→ **THE TASK**
The entries below are to be returned as written, with all pictures dropped.

[Short web captions]

+++

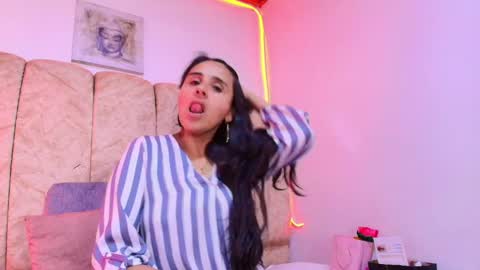 _marcela__ online show from April 10, 11:27 am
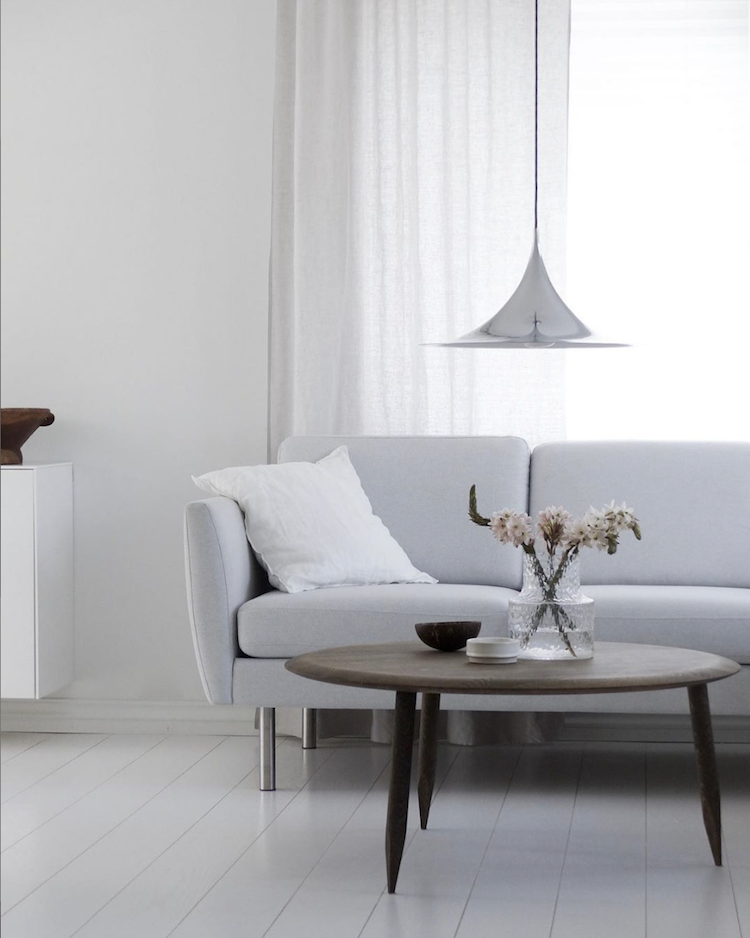 A Soothing Home in Rural Norway In Subtle Shades of White and Light Blue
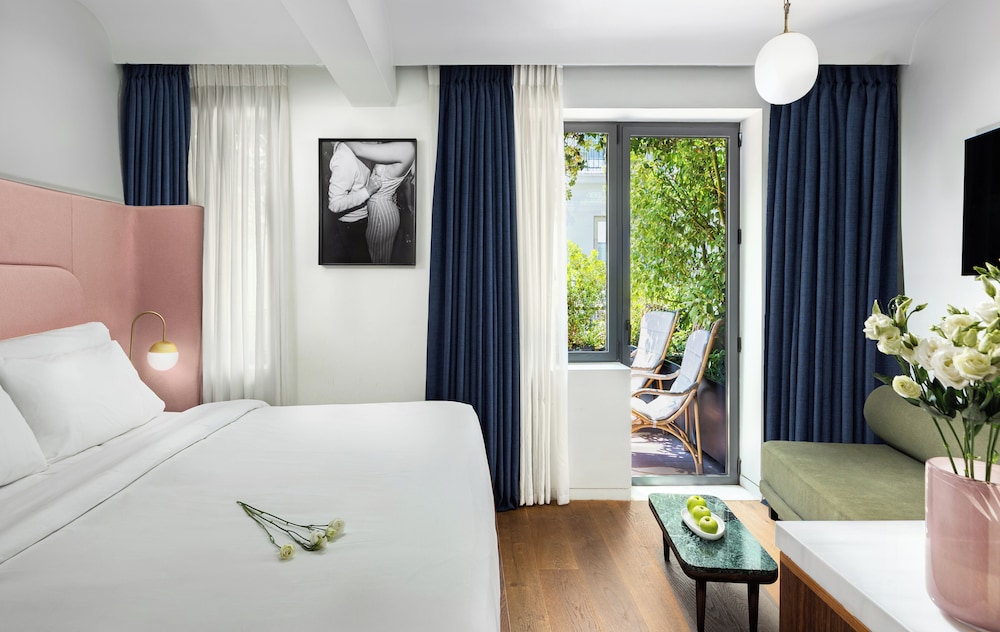 ELITE, JUNIOR SUITE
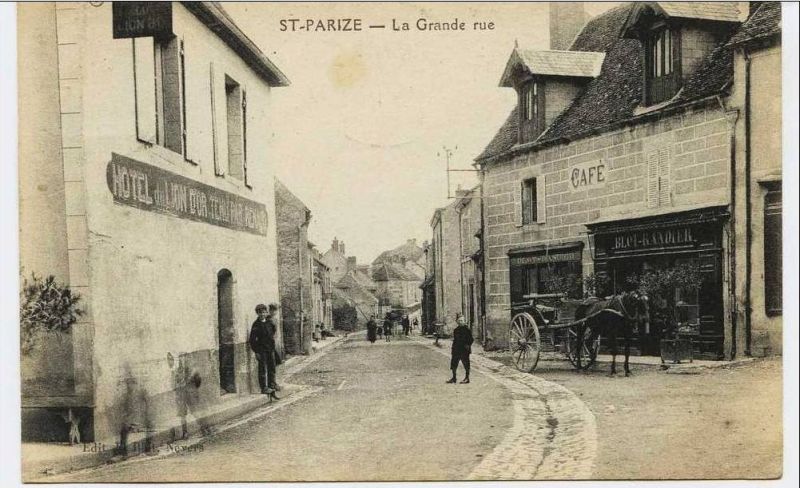Fichier:CPA-Saint Parize le Chatel03.jpg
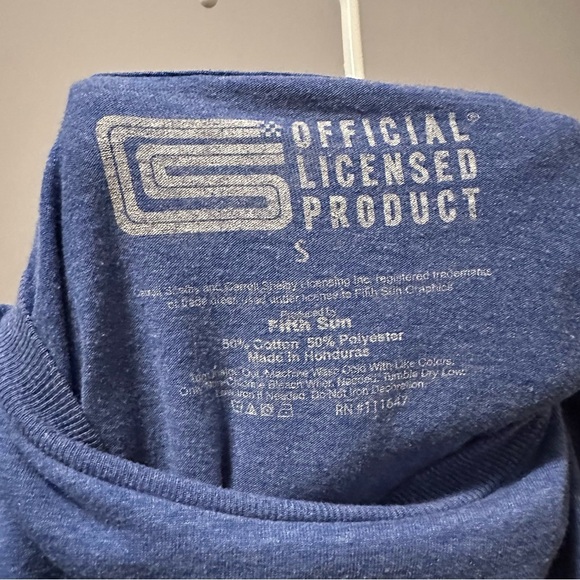 Shelby Cobra tee shirt has pilling image is purposely cracking - Picture 2 of 5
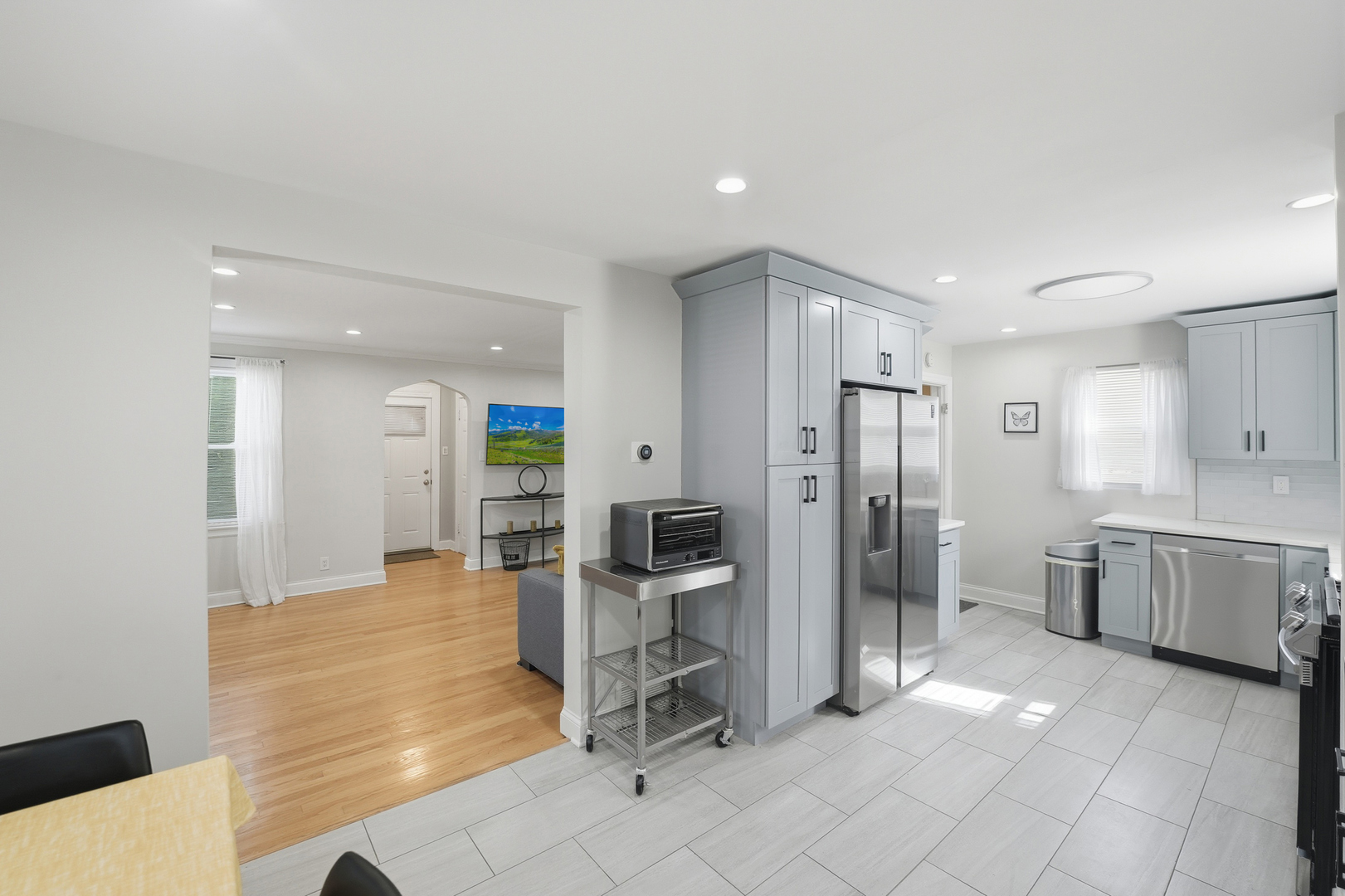 3043 W 96th Place, Evergreen Park, IL 60805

+++

→ **RESULT BELOW**
 _marcela__ online show from April 10, 11:27 am
 A Soothing Home in Rural Norway In Subtle Shades of White and Light Blue
 ELITE, JUNIOR SUITE
Fichier:CPA-Saint Parize le Chatel03.jpg
 Shelby Cobra tee shirt has pilling image is purposely cracking - Picture 2 of 5
 3043 W 96th Place, Evergreen Park, IL 60805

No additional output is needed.